Let's not forget that the mob can be a powerful force. Emperors, dictators and warlords since ancient times knew well that the people needed to be appeased or else they would drag your ass through the streets and throw your body into the Tiber. Conversely, the mob could be a useful tool for getting other factions in the state to fall into line. 

3. A diabolical equation

So you've got a public that can be whipped into a frothing madness at the slightest provocation and a leader with the tools to direct that madness at a specific target, what you've managed to do is weaponize social media.

4. Quick note about the modern portrayal of dictators.

After Donald Trump I fear that every American political leader with authoritarian leanings portrayed in a book is going to sound like an assholeish third grader with a head injury.

5. Good concept... okay execution

The book is very much a YA novel and follows that formula pretty faithfully. Which is not inherently a flaw, it's one of the best selling genres out there so obviously a few people enjoy it. But it does prevent this from reaching its full apocalyptic. The story flirts with that idea but collapses inward. 

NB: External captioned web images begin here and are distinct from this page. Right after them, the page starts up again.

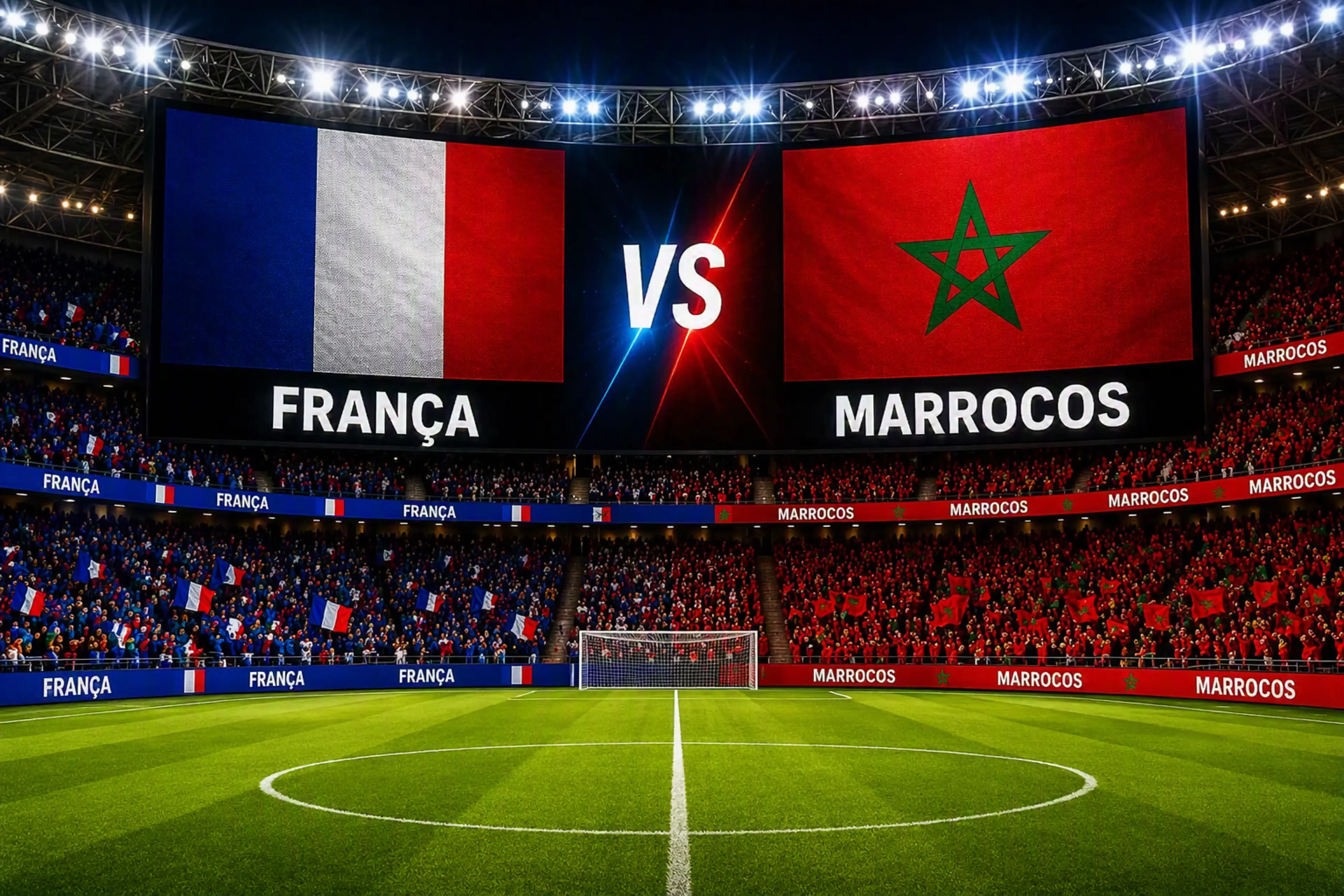 França vs Marrocos Mundial 2026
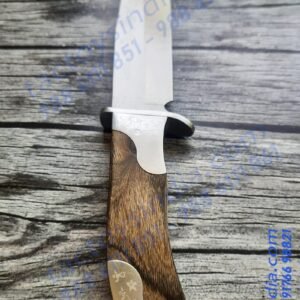 Columbia XF66 Classical Vintage desing full tang knife blade / 330c tempered Knife / Engraved Stainless Steel And Hardwood handle Survival knife Tactoys India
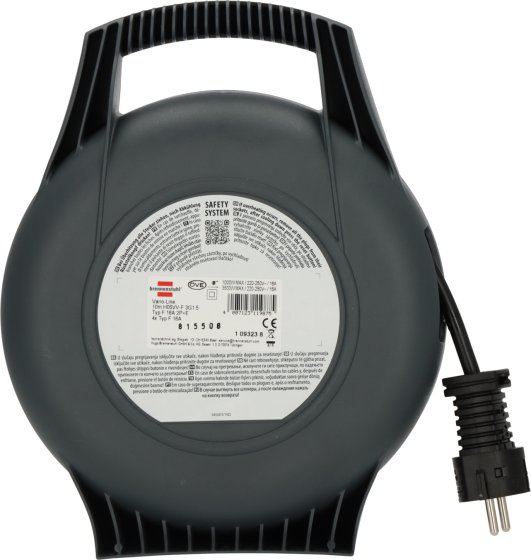 Vario Line X Kabelbox 4-fach schwarz/blau 10m H05VV-F 3G1,5 - Produktansicht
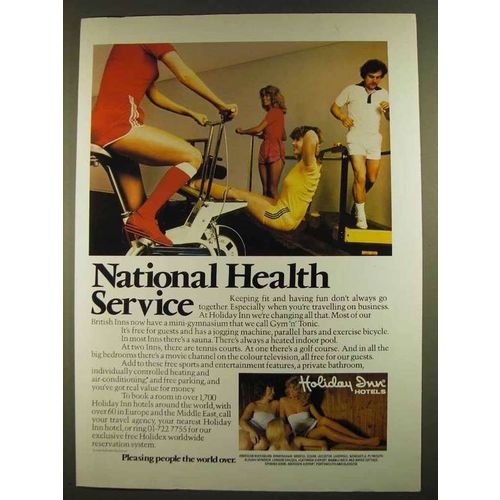 1980 Holiday Inn Ad - National Health Service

6. Cassie and the abortion joke heard 'round the world

Really a snarky teen with a bad attitude is the perfect protagonist for a world in which one poorly timed remark could spell death. As a former obnoxious teen with a bad attitude and a chip on my shoulder, I'm rather glad that most of my writings from that time period are not immortalized in the digital realm.  Which also meant that I deeply identified with her. But, again, the formula sort of limited where she could go.

7. The Verdict ⭐⭐⭐⭐

Again, it's very formulaic. The story hits all the points that it needs to hit, big climax a rather satisfying conclusion, tada! I guess my problem with this is that its a very light read for dealing with this kind of subject matter. I'd still recommend it but, at the end, it's your basic YA novel. Likely a very good book for introducing young people to the complexities and implications of the world that they will inherit, but jaded old farts like myself will probably walk away with a bit of a shoulder shrug.